The Replacements: Let It Be (Deluxe Edition) Album Review

After the run of momentous archival Replacements releases over the past decade—the world-burning live set on For Sale, the miraculous de-glitzing of their late-’80s material on Dead Man’s Pop, the peak of their achievement liberated from tinny production on Tim (Let It Bleed Edition)—it’s tempting to imagine that the vaults of whatever garage they run Mats HQ out of might be infinitely deep. Each year could bring new treasures, lifting the Replacements’ music out of the cellophane realm of “the ’80s” and placing it once and for all in rock’s timeless firmament.

Their 1984 masterpiece Let It Be—a joke title, but also a boast, a dare—is already in that firmament. It is the band’s most celebrated record, the one where they trained their homegrown Midwestern punk sensibilities on Paul Westerberg’s most mature songs yet, creating in the process an enduring template for what would come to be called indie rock. It captured the band on the precipice of a major transition. They didn’t know at the time, but it would be their last record on the local Twin/Tone label before signing with Sire, distributed by Warner. It would also effectively conclude their run as a democratic quartet, as madcap guitarist Bob Stinson drifted into addiction and became disillusioned with the band’s evolution from the hard and fast into the songwriterly and craftsmanlike. In 1984, there was a sense that the Replacements were destined for something beyond the basement rehearsal space and the sub-two-minute punk song. Let It Be, with its cover photo of four dirtbags on a roof, is the sound of the band flicking down cigarette butts toward whatever lay beyond, sounding its depths.
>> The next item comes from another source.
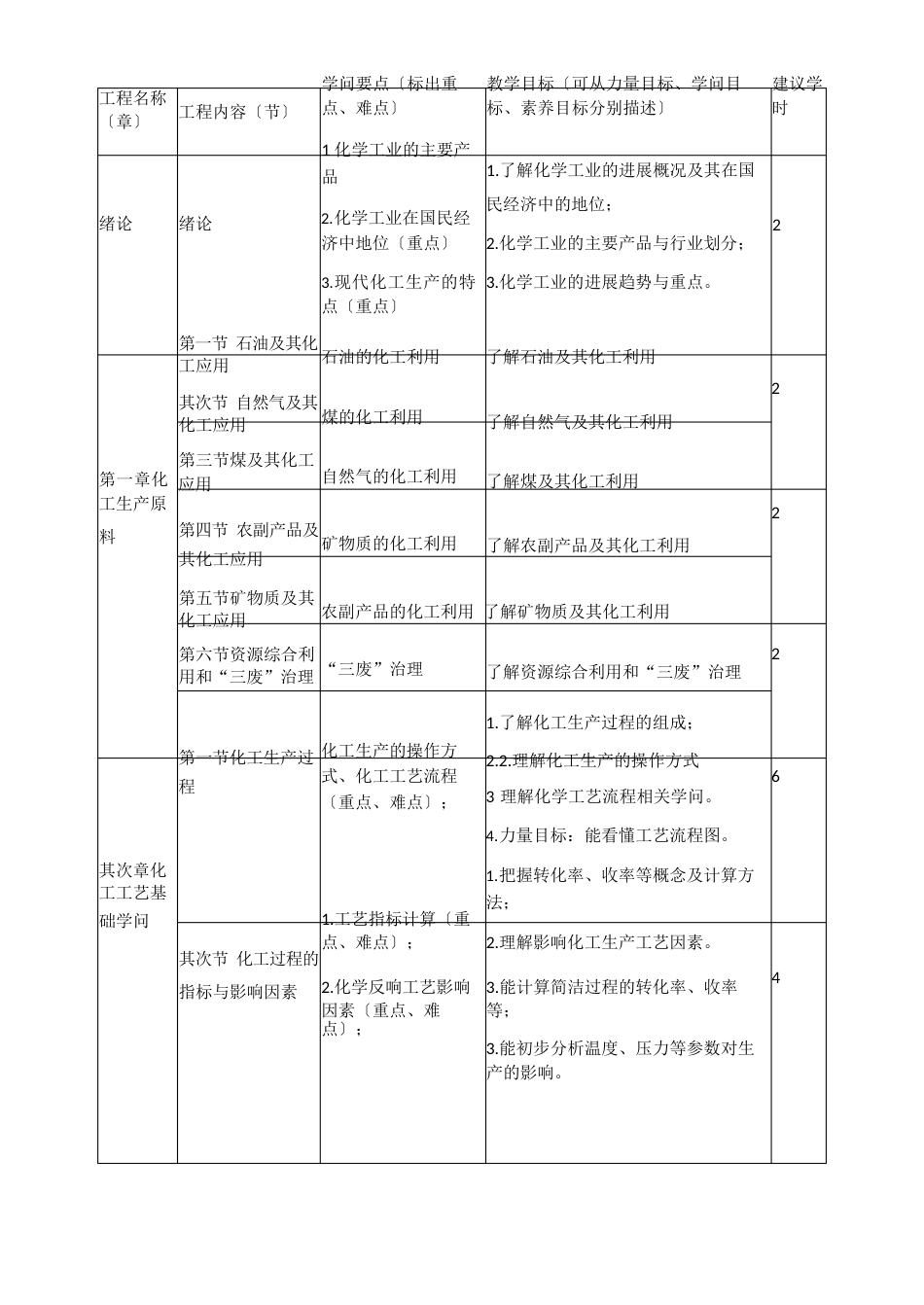 《化工工艺基础》课程标准_第3页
The Mats’ previous album, Hootenanny, dared listeners to sit through a bunch of abortive pastiches (hardcore, surf rock, Chubby Checker) in order to get to a few transcendently good songs. On Let It Be, the throwaways are essential. Yes, “I Will Dare” is flawless, and the genderfuck utopia of “Androgynous” shimmers behind Westerberg’s clumsy piano chords. But the band also plays “Black Diamond,” a Kiss cover, with a commitment so total that it vaporizes the schlock of the original. And has there ever been a more inspired feat of sequencing than following the Ted Nugent rip-off “Gary’s Got a Boner” with the aching “Sixteen Blue”? The songs tap the same source; they give us a comic view of a sexually inept young man and then a tender view of what could be the same character. “You’re looking funny/You ain’t laughing, are you,” Westerberg howls, before launching into a guitar solo filled with weeping feedback.